I moved from shock to shock, memorial service to memorial service, story to story. After a few weeks, the students went home, and the campus quieted. The police returned the student papers that were in Nacunan's car, and Jan gave me some on Kafka and Woolf to grade. The pages were musty and damp, having spent so long in an abandoned car. Can papers carry death? I smelled them, ran my fingers across their pages, carefully. These essays sat beside my friend as he bled, and they remained for weeks, in that Festiva, impounded. Some had Nacunan’s marginalia. His handwriting was distinctive-- looping and collected. In the end, these essays were the closest things to him. I felt a sort of jealousy and a reverence. Still, I read them, graded them, and handed them back to their rightful owners.   
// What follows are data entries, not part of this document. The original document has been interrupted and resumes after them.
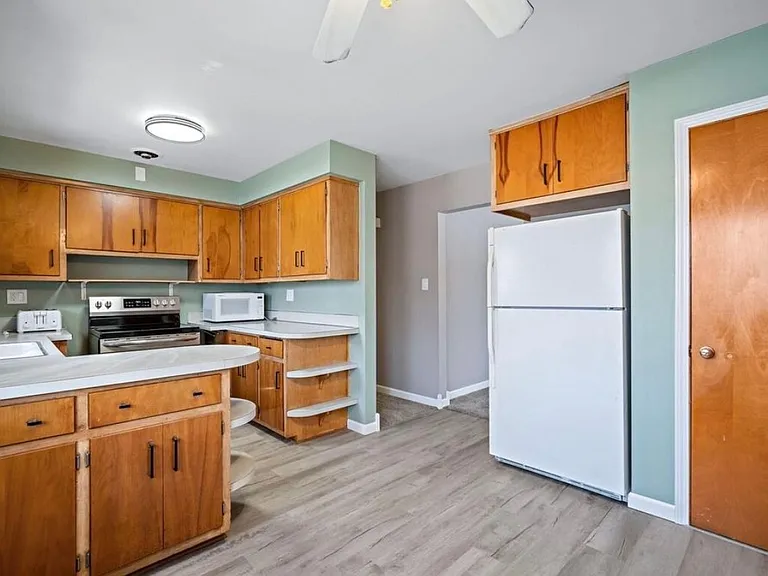 5086 N 127th St #2 — Photo 3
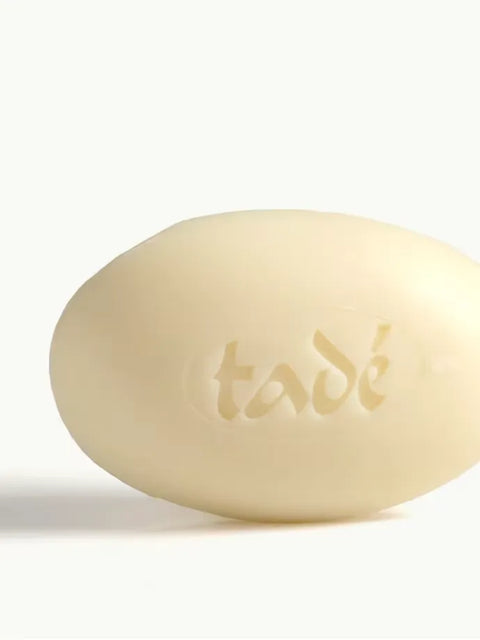 Galet Savon Sel de la Mer Morte Cosmos Natural 150 g Tadé, savon bio minéral purifiant et nourrissant.

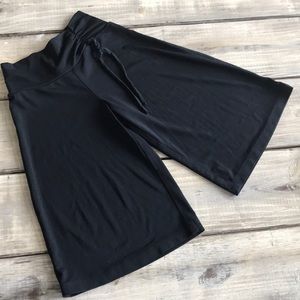 Byer girl gaucho Capri pants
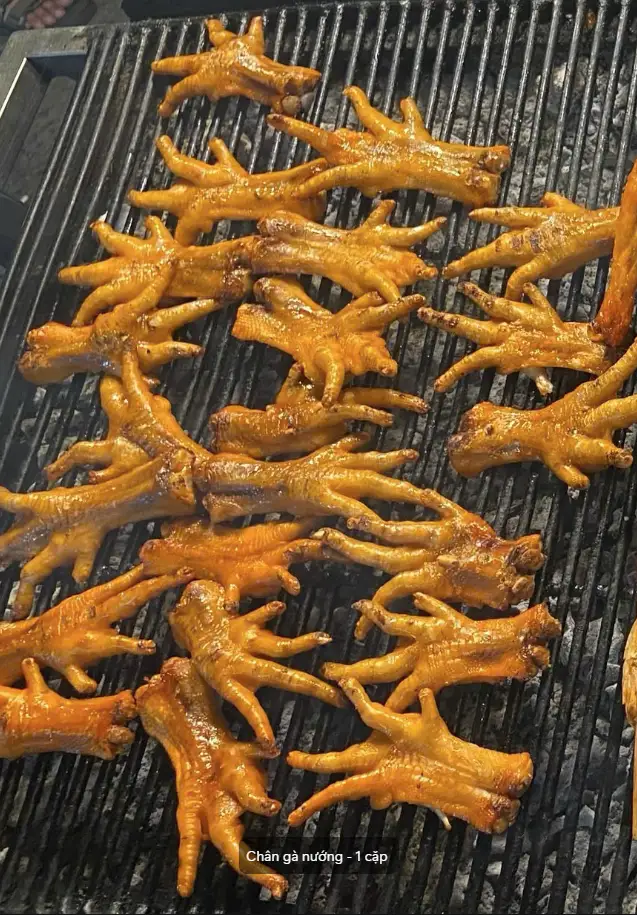 Chân gà - 1 cặp - 17.000 ₫ tại Gà Nướng Zô Zô - Ung Văn Khiêm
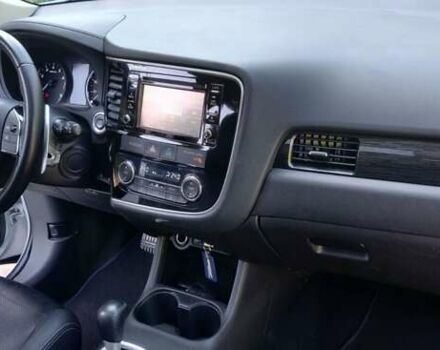 Белый Мицубиси Аутлендер, объемом двигателя 3 л и пробегом 115 тыс. км за 15300 $, фото 2 на Automoto.ua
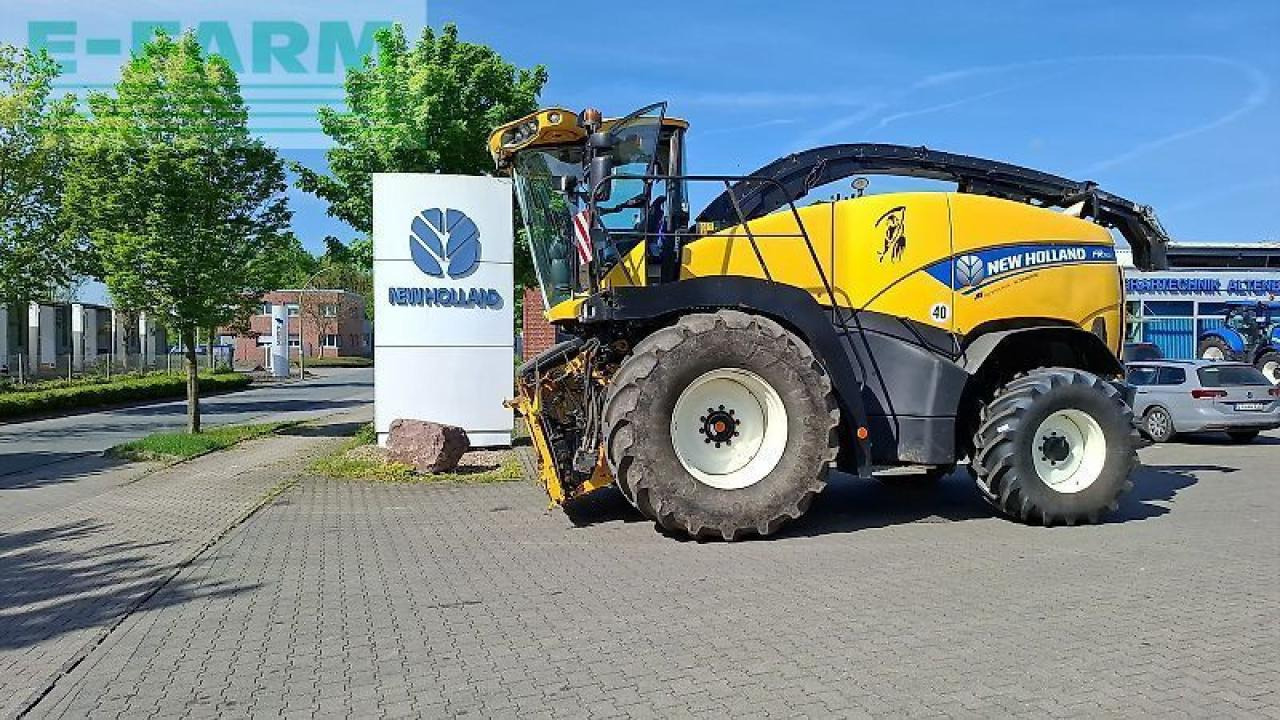 New Holland fr 700 / fr700 - Ensileuse: photos 1 New Holland fr 700 / fr700 - Ensileuse: photos 1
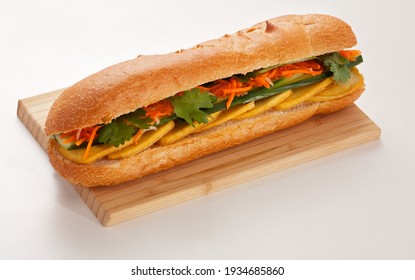 Sandwich mit Fleischsalat und Käse auf Holzbrett
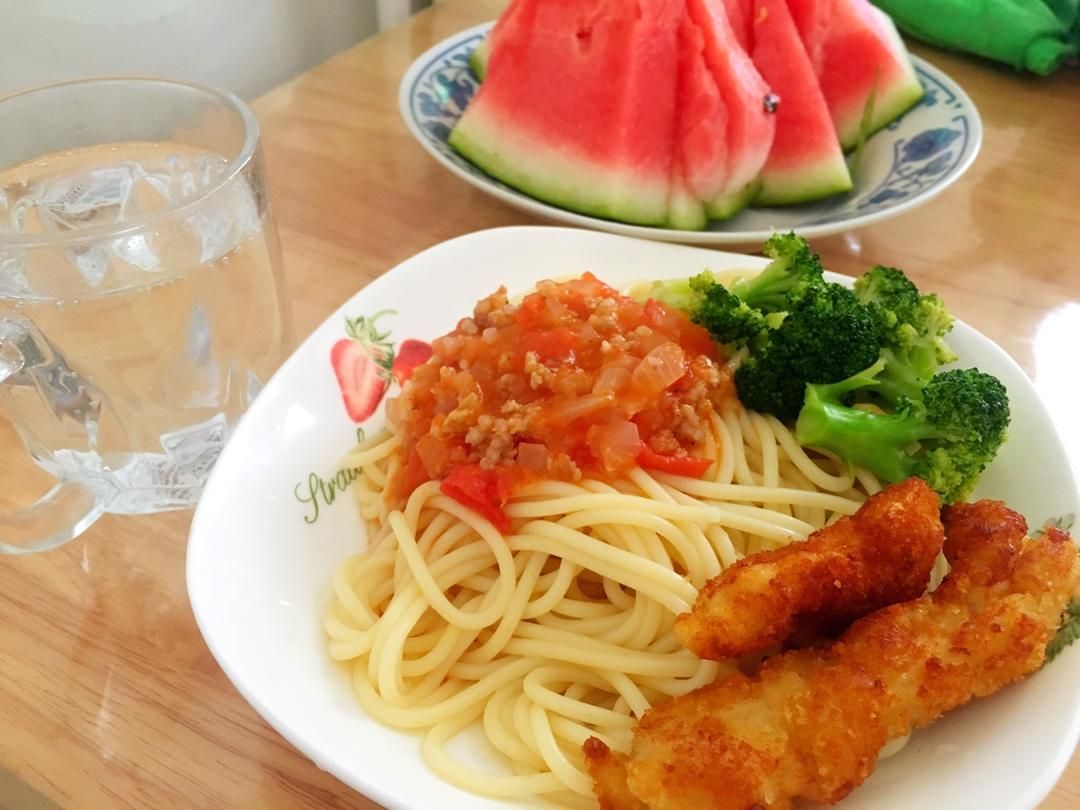 番茄肉酱意大利面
Christmas must have come and gone; I must have cut and decorated our tree, bought and wrapped the presents, signed "love, Santa" to the best gifts, filled the stockings, roasted the Cornish game hens. I remember painting my kitchen just as I had planned and then deciding to paint the entire downstairs. I spent the month of January listening to Neil Young tapes and painting the walls of my house with Eggshell White latex. 

After a while, there was no physical evidence of the shooting. Before the start of spring term, having secretly listened to it over and over, I erased the answering machine tape. The ice and snow melted. The college driveway remained. The guardhouse had a fresh coat of paint. The ducks paddled in the pond. The bullet holes in the library and dorm were patched, the walls whitewashed, the carpets replaced. The reality of last December hid behind spackle and paint, and we returned to school. 

Now, seventeen years later, someone else occupies Nacunan's office. I became a Dean and moved to a bigger office. For many years now, the anniversary of the shooting has come and gone. The first one was bitter cold, and I was near hysteria. We lit candles, placed them first in a circle and then at the spots around campus where Galen and Nacunan had died. Each year since then, the ceremony to mark the anniversary has grown easier, in a way, and time has soothed the jagged sensations. There are no students left who remember. Many newer faculty and staff members have come, and some who lived through the shootings have gone. Still, each year, as the days darken and chill, and as December returns, somewhere deep inside my body I feel the power of the assault rifle as though it were waiting for the fourteenth.